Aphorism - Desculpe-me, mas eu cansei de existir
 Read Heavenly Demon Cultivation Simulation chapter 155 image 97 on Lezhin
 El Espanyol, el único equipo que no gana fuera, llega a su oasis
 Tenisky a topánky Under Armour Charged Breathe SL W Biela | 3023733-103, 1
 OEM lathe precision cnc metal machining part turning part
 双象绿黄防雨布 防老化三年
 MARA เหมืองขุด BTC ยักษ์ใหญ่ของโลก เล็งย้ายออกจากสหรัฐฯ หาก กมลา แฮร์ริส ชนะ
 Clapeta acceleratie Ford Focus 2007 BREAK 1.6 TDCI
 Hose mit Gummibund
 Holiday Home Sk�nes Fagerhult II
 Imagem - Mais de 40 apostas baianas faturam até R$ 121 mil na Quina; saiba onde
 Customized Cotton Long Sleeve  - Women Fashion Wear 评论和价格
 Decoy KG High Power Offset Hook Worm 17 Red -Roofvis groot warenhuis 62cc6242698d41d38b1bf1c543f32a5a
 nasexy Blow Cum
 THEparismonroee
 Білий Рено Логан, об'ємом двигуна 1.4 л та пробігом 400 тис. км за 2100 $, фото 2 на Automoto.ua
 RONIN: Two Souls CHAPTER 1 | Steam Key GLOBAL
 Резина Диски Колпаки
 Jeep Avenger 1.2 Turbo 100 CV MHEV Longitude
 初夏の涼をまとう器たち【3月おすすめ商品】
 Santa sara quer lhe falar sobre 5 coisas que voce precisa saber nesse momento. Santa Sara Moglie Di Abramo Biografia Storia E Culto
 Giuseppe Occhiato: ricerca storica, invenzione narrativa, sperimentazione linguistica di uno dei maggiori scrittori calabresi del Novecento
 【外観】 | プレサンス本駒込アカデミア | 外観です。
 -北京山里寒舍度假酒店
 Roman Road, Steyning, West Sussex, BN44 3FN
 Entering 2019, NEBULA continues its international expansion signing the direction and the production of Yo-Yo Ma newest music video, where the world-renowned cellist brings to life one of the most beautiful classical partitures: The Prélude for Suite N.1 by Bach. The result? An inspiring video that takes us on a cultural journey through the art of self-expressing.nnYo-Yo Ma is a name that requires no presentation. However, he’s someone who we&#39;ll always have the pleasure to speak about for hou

_Task goal_
The task calls for every line of the material to be reproduced precisely.

_Output for this task_
Aphorism - Desculpe-me, mas eu cansei de existir
 Read Heavenly Demon Cultivation Simulation chapter 155 image 97 on Lezhin
 El Espanyol, el único equipo que no gana fuera, llega a su oasis
 Tenisky a topánky Under Armour Charged Breathe SL W Biela | 3023733-103, 1
 OEM lathe precision cnc metal machining part turning part
 双象绿黄防雨布 防老化三年
 MARA เหมืองขุด BTC ยักษ์ใหญ่ของโลก เล็งย้ายออกจากสหรัฐฯ หาก กมลา แฮร์ริส ชนะ
 Clapeta acceleratie Ford Focus 2007 BREAK 1.6 TDCI
 Hose mit Gummibund
 Holiday Home Sk�nes Fagerhult II
 Imagem - Mais de 40 apostas baianas faturam até R$ 121 mil na Quina; saiba onde
 Customized Cotton Long Sleeve  - Women Fashion Wear 评论和价格
 Decoy KG High Power Offset Hook Worm 17 Red -Roofvis groot warenhuis 62cc6242698d41d38b1bf1c543f32a5a
 nasexy Blow Cum
 THEparismonroee
 Білий Рено Логан, об'ємом двигуна 1.4 л та пробігом 400 тис. км за 2100 $, фото 2 на Automoto.ua
 RONIN: Two Souls CHAPTER 1 | Steam Key GLOBAL
 Резина Диски Колпаки
 Jeep Avenger 1.2 Turbo 100 CV MHEV Longitude
 初夏の涼をまとう器たち【3月おすすめ商品】
 Santa sara quer lhe falar sobre 5 coisas que voce precisa saber nesse momento. Santa Sara Moglie Di Abramo Biografia Storia E Culto
 Giuseppe Occhiato: ricerca storica, invenzione narrativa, sperimentazione linguistica di uno dei maggiori scrittori calabresi del Novecento
 【外観】 | プレサンス本駒込アカデミア | 外観です。
 -北京山里寒舍度假酒店
 Roman Road, Steyning, West Sussex, BN44 3FN
 Entering 2019, NEBULA continues its international expansion signing the direction and the production of Yo-Yo Ma newest music video, where the world-renowned cellist brings to life one of the most beautiful classical partitures: The Prélude for Suite N.1 by Bach. The result? An inspiring video that takes us on a cultural journey through the art of self-expressing.nnYo-Yo Ma is a name that requires no presentation. However, he’s someone who we&#39;ll always have the pleasure to speak about for hou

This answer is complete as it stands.